10.1 Filesystem Types

Before any disk partition can be used, a filesystem must be built on it. When a filesystem is made, certain data structures are written to disk that will be used to access and organize the physical disk space into files (see Section 10.3, later in this chapter).

Table 10-1 lists the most importantfilesystem types available on the various systems we are considering.

Table 10-1. Important filesystem types
Use	AIX	FreeBSD	HP-UX	Linux	Solaris	Tru64
Default local	jfs or jfs2	ufs	vxfs^[1]	ext3, reiserfs	ufs	ufs or advfs
NFS	nfs	nfs	nfs	nfs	nfs	nfs
CD-ROM	cdrfs	cd9660	cdfs	iso9660	hsfs	cdfs
Swap	not needed	swap	swap, swapfs	swap	swap	not needed
DOS	not supported	msdos	not supported	msdos	pcfs	pcfs
/proc	procfs	procfs	not supported	procfs	procfs	procfs
RAM-based	not supported	mfs^[2]	not supported	ramfs, tmpfs	tmpfs	mfs
Other		union	hfs	ext2	cachefs

^[1] HP-UX defines the default filesystem type in /etc/default/fs's LOCAL variable.
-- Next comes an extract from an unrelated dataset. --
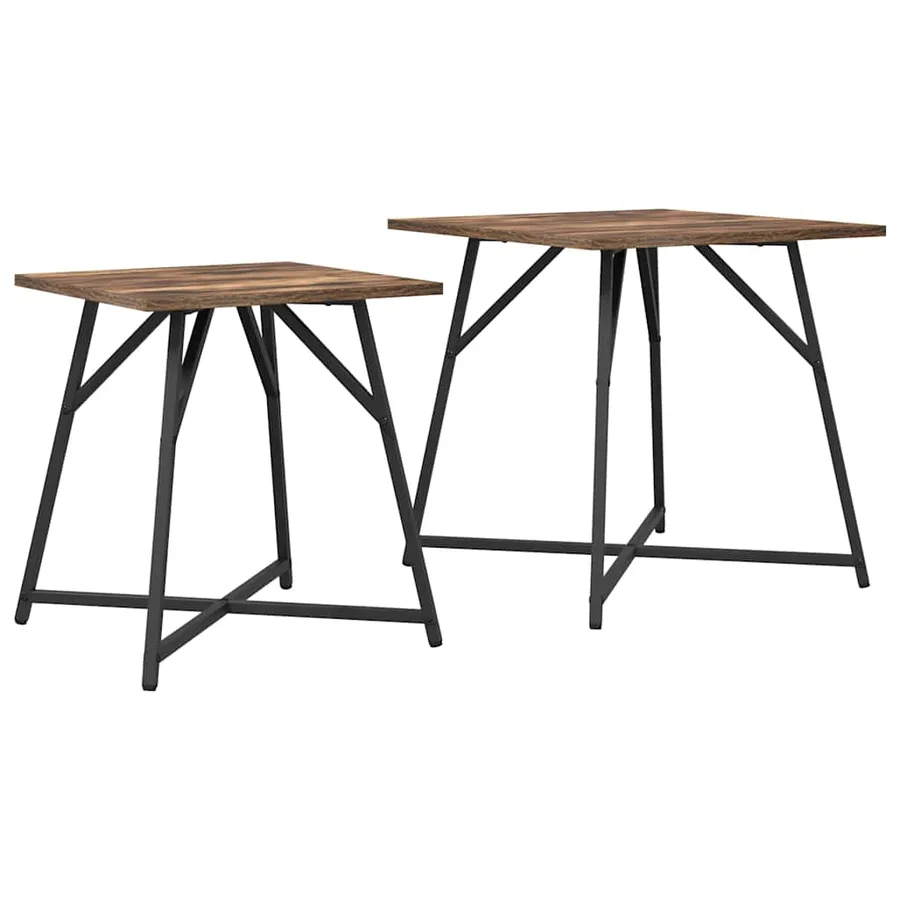 Ensemble de tables d'appoint 2 pcs Chêne fumé et noir - 2
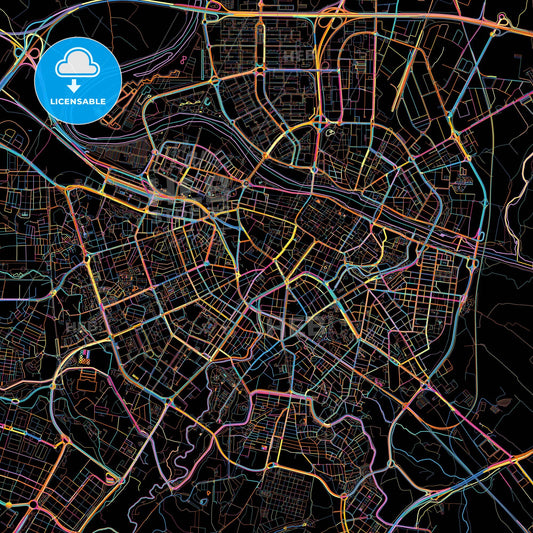 Zaragoza, Spain, colorful city map on black background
^[2] This feature is deprecated and will be replaced by the md facility in Version 5.

10.1.1 About Unix Filesystems: Moments from History

In the beginning was the System V filesystem. Well, not really, but that's where we'll start. This filesystem type once dominated System V-based operating systems.^[3]

^[3] The filesystem that came to be known as the System V filesystem (s5fs) actually predates System V.

The superblock of standard System V filesystems contained information about currently available free space in the filesystem in addition to information about how the space in the filesystem is allocated. It held the number of free inodes and data blocks, the first 50 free inode numbers, and the addresses of the first 100 free disk blocks. After the superblock came the inodes, followed by the data blocks.

The System V filesystem was designed for storage efficiency. It generally used a small filesystem block size: 2K bytes or less (minuscule, in fact, by modern standards). Traditionally, a block is the basic unit of disk storage;^[4] all files consume space in multiples of the block size, and any excess space in the last block cannot be used by other files and is therefore wasted. If a filesystem has a lot of small files, a small block size minimizes waste. However, small block sizes are much less efficient when transferring large files.

^[4] This block is not related to the blocks used in the default output from commands like df and du. Use -k with either command to avoid having to worry about units.

The System V filesystem type is obsolete at this point. It is still supported on some systems for backward compatibility purposes only.

The BSD Fast File System (FFS) was designed to remedy the performance limitations of the System V filesystem. It supports filesystem block sizes of up to 64 KB. Because merely increasing the block size to this level would have had a horrendous effect on the amount of wasted space, the designers introduced a subunit to the block: the fragment. While the block remains the I/O transfer unit, the fragment becomes the disk storage unit (although only the final chunk of a file can be a fragment). Each block may be divided into one, two, four, or eight fragments.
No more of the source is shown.